- [Problem to work on]
Pictures in the records below must be left out. Return exactly the lines from the line with "Recently, an electrical" to the line with "There were problems", both included.

- [Input for this task]
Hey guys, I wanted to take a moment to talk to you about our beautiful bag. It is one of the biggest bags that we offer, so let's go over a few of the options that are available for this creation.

---

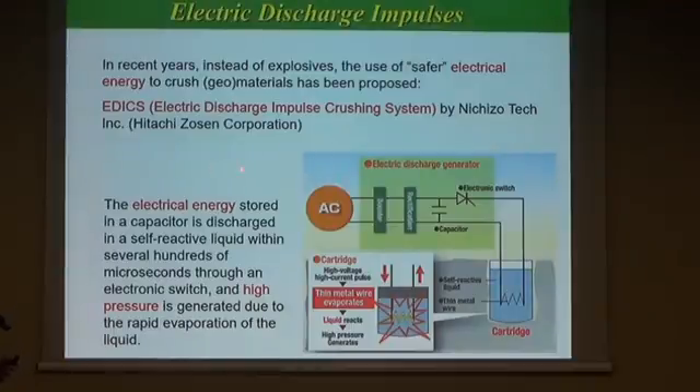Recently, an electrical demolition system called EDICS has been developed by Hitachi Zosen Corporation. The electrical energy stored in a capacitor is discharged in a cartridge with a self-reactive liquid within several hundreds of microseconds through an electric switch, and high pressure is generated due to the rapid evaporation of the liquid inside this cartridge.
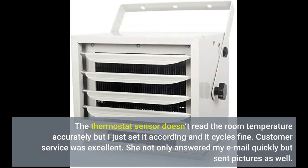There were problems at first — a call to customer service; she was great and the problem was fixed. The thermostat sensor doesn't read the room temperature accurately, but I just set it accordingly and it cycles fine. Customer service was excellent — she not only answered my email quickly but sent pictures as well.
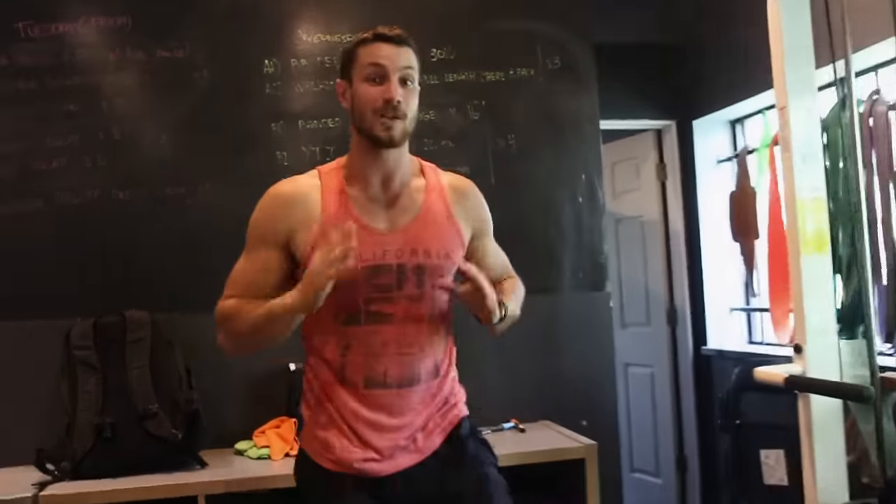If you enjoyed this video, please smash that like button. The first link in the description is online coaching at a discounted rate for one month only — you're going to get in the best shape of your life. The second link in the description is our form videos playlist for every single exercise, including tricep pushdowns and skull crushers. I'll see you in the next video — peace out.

- [Problem solution]
Recently, an electrical demolition system called EDICS has been developed by Hitachi Zosen Corporation. The electrical energy stored in a capacitor is discharged in a cartridge with a self-reactive liquid within several hundreds of microseconds through an electric switch, and high pressure is generated due to the rapid evaporation of the liquid inside this cartridge.
There were problems at first — a call to customer service; she was great and the problem was fixed. The thermostat sensor doesn't read the room temperature accurately, but I just set it accordingly and it cycles fine. Customer service was excellent — she not only answered my email quickly but sent pictures as well.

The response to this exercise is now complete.